(Dataset excerpts)
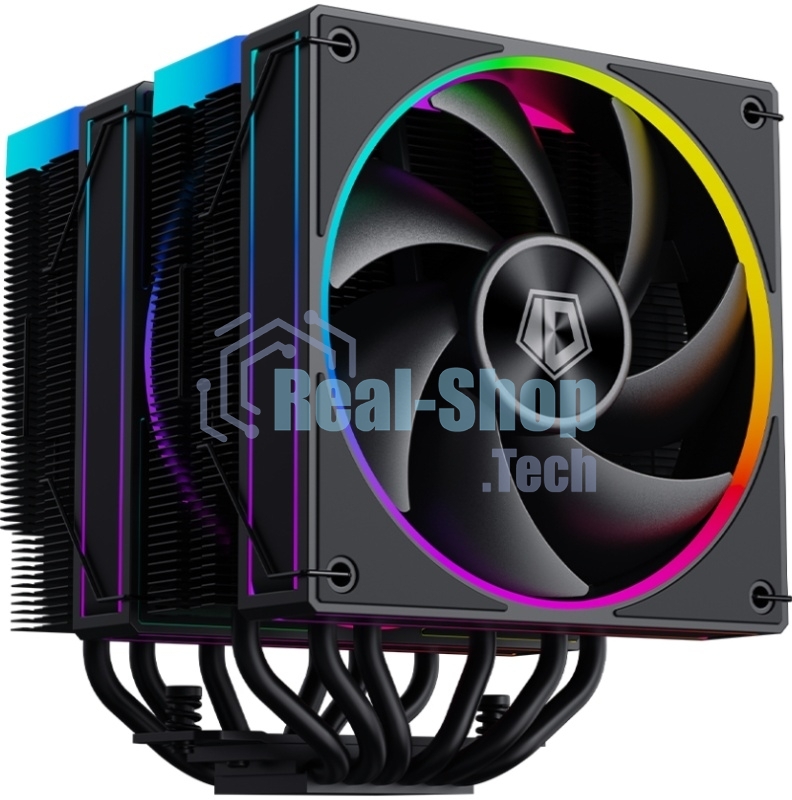 Устройство охлаждения(кулер) ID-Cooling Frozn A620 ARGb черный 120мм алюминий+медь 2000rpm 30db 4-pin 270W 154мм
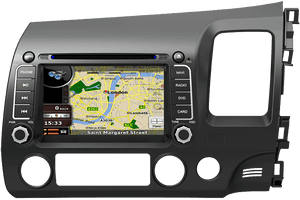 Car Navigation System Display PNG image with transparent background
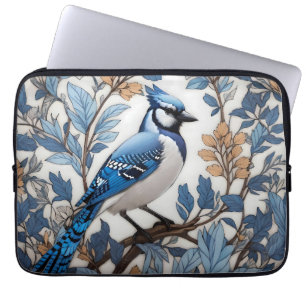 Elegant Blue Jay William Morris Inspired Laptop Sleeve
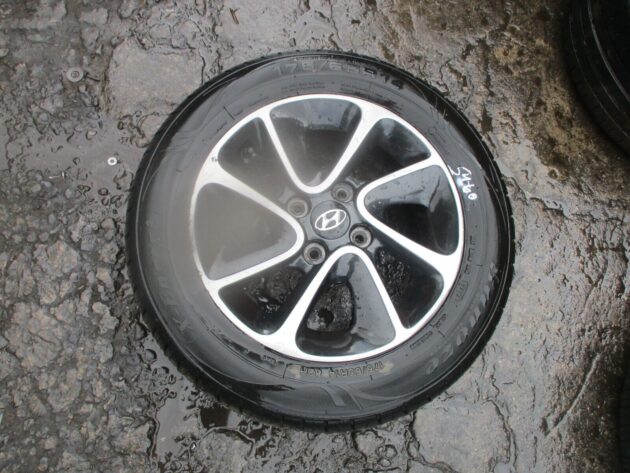 2018 GENUINE HYUNDAI I10 14'' INCH ALLOY WHEEL TYRE 175/65 R14 52910B9500 - Image 3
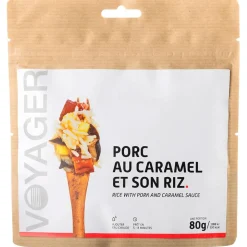 Cibo liofilizzato Voyager Porc Au Caramel & Son Riz 80 g.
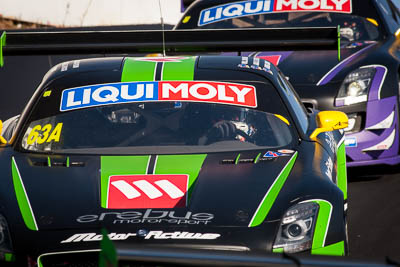 63;63;9-February-2014;Australia;Bathurst;Bathurst-12-Hour;Erebus-Motorsport;Erebus-Racing;Greg-Crick;Jack-LeBrocq;Mercedes‒Benz-SLS-AMG-GT3;NSW;New-South-Wales;Will-Davison;auto;endurance;motorsport;racing;super-telephoto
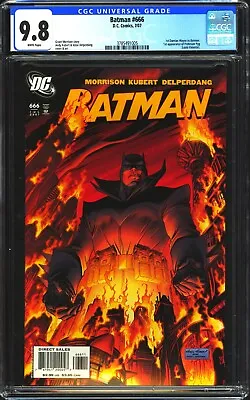 Buy Batman #666 CGC 9.8 NM/MT WP 1st Damian Wayne As Batman & Professor Pyg DC 2007 • 157.53£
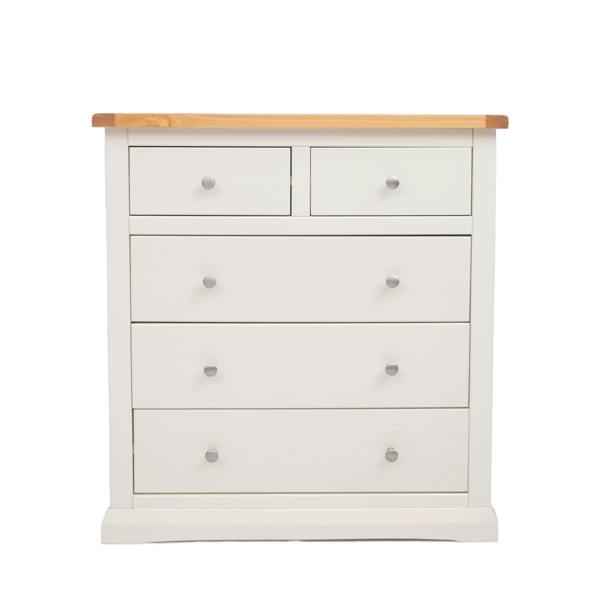 Castelli 5 Drawer Chest of Drawers Chrome Knob
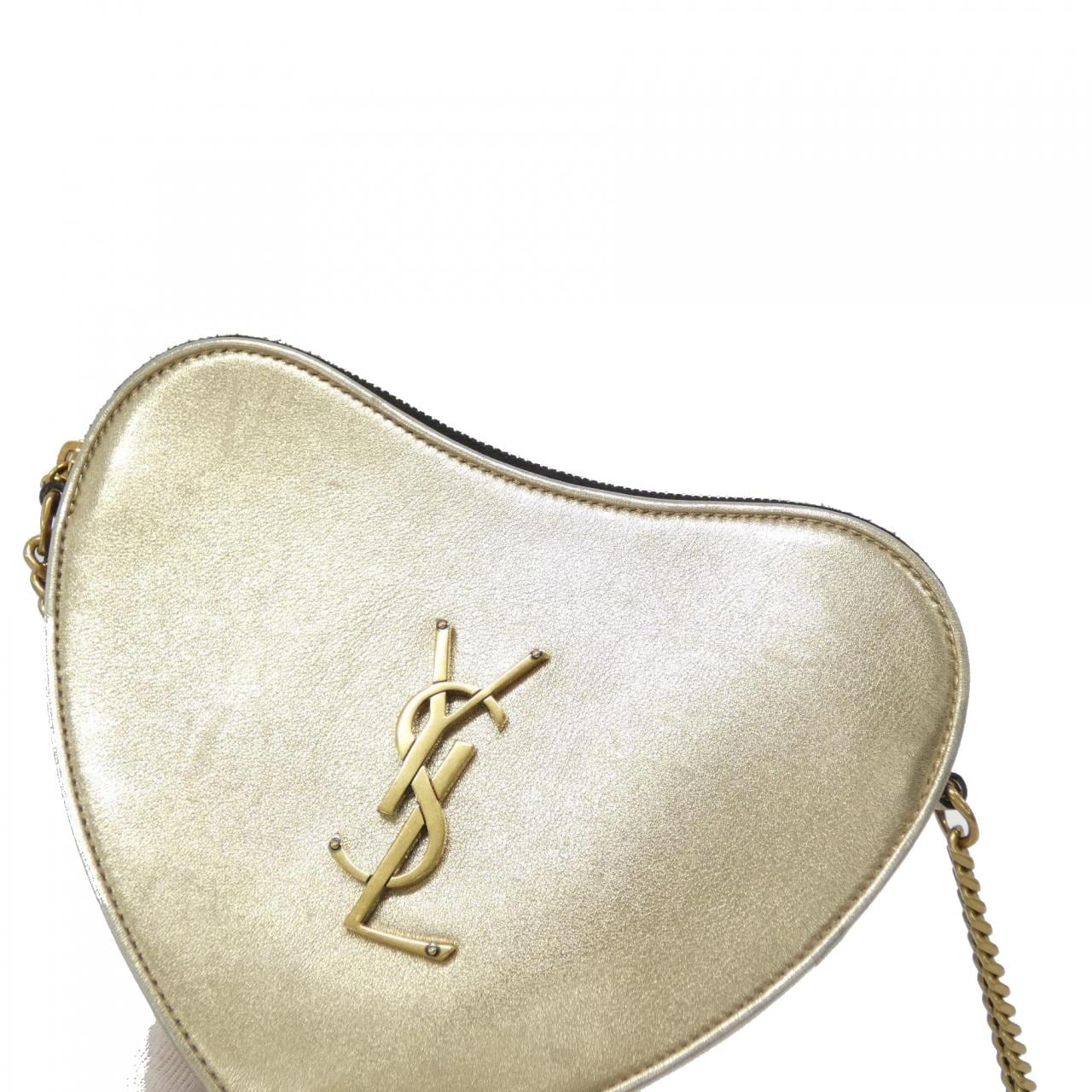 SAINT LAURENT 540694 Shoulder Bag Leather 金色 皮革 中古品A - 縮圖 5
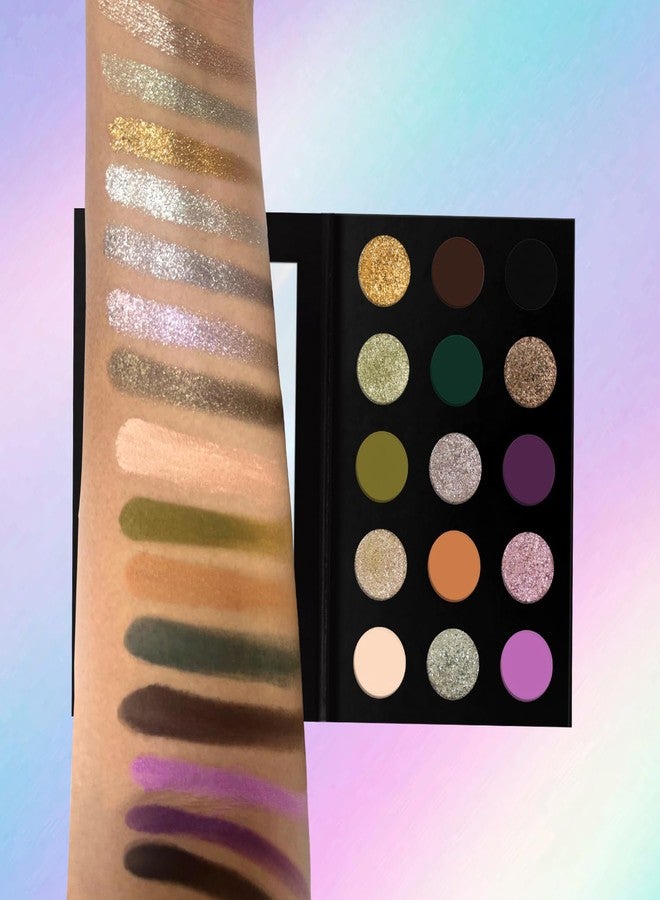 SZDYM 15 color eyeshadow palette,super multi-chrome vegan eye shadow,High pigment matte+Shine duochrome+Metallic shades,Cruelty- Free Makeup Pallet,No Flaking,Super Smooth - Image 2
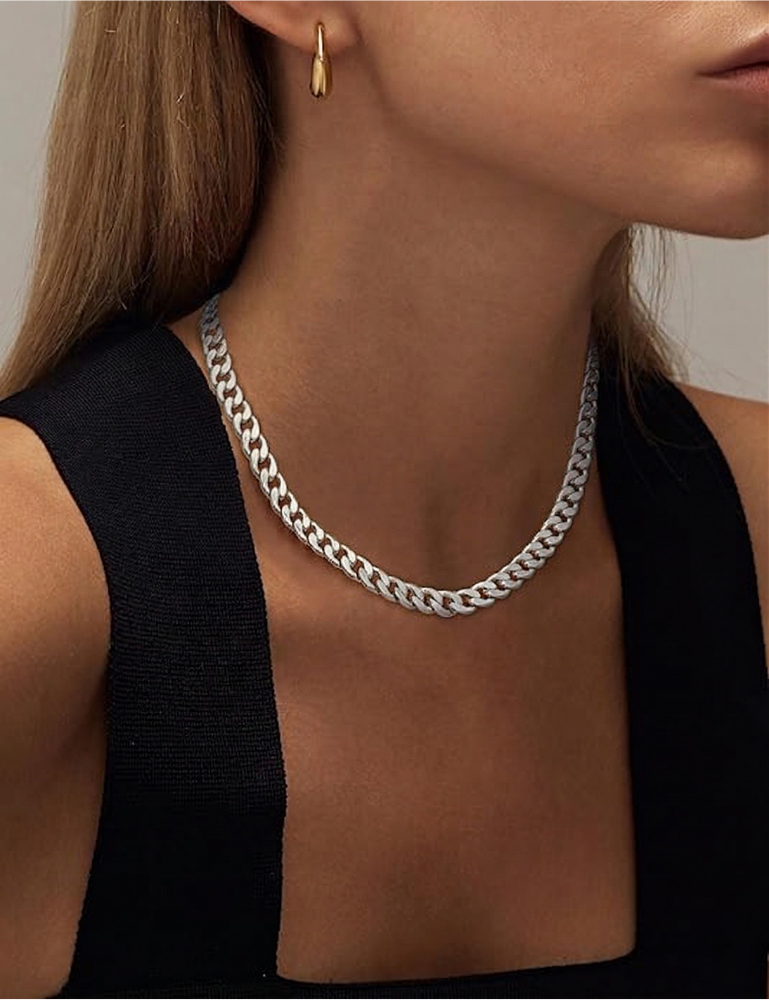 Collana a catena cubana chunky | Oro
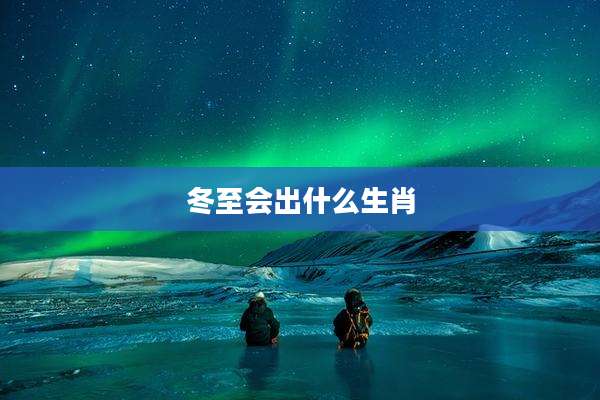 冬至会出什么生肖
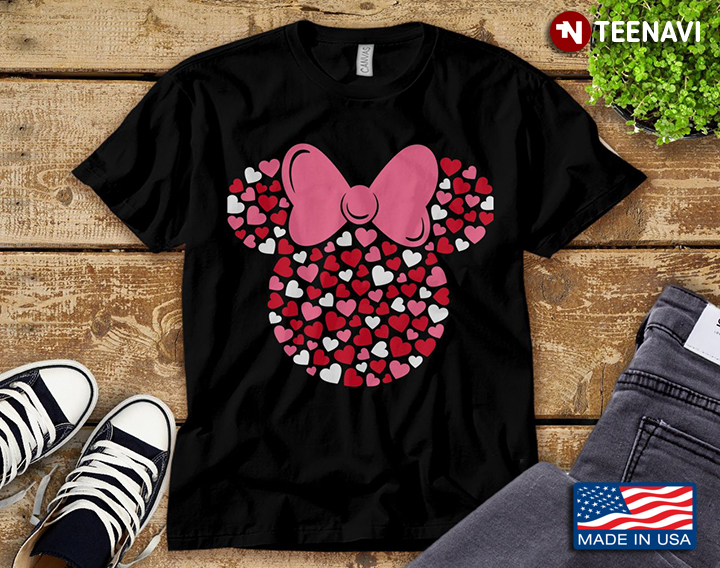 Minnie Mouse Face Full Of Hearts Disney Character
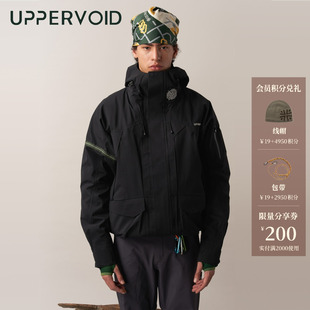 MODUN++三合一冲锋衣|户外防风防水鹅绒男女款|UPPERVOID二普纬度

Exercise description:
An exact copy of the records above is needed, free of pictures.

The answer:
 Устройство охлаждения(кулер) ID-Cooling Frozn A620 ARGb черный 120мм алюминий+медь 2000rpm 30db 4-pin 270W 154мм
 Car Navigation System Display PNG image with transparent background
 Elegant Blue Jay William Morris Inspired Laptop Sleeve
 2018 GENUINE HYUNDAI I10 14'' INCH ALLOY WHEEL TYRE 175/65 R14 52910B9500 - Image 3
 Cibo liofilizzato Voyager Porc Au Caramel & Son Riz 80 g.
 63;63;9-February-2014;Australia;Bathurst;Bathurst-12-Hour;Erebus-Motorsport;Erebus-Racing;Greg-Crick;Jack-LeBrocq;Mercedes‒Benz-SLS-AMG-GT3;NSW;New-South-Wales;Will-Davison;auto;endurance;motorsport;racing;super-telephoto
 Buy Batman #666 CGC 9.8 NM/MT WP 1st Damian Wayne As Batman & Professor Pyg DC 2007 • 157.53£
 Castelli 5 Drawer Chest of Drawers Chrome Knob
 SAINT LAURENT 540694 Shoulder Bag Leather 金色 皮革 中古品A - 縮圖 5
 SZDYM 15 color eyeshadow palette,super multi-chrome vegan eye shadow,High pigment matte+Shine duochrome+Metallic shades,Cruelty- Free Makeup Pallet,No Flaking,Super Smooth - Image 2
 Collana a catena cubana chunky | Oro
 冬至会出什么生肖
 Minnie Mouse Face Full Of Hearts Disney Character
 MODUN++三合一冲锋衣|户外防风防水鹅绒男女款|UPPERVOID二普纬度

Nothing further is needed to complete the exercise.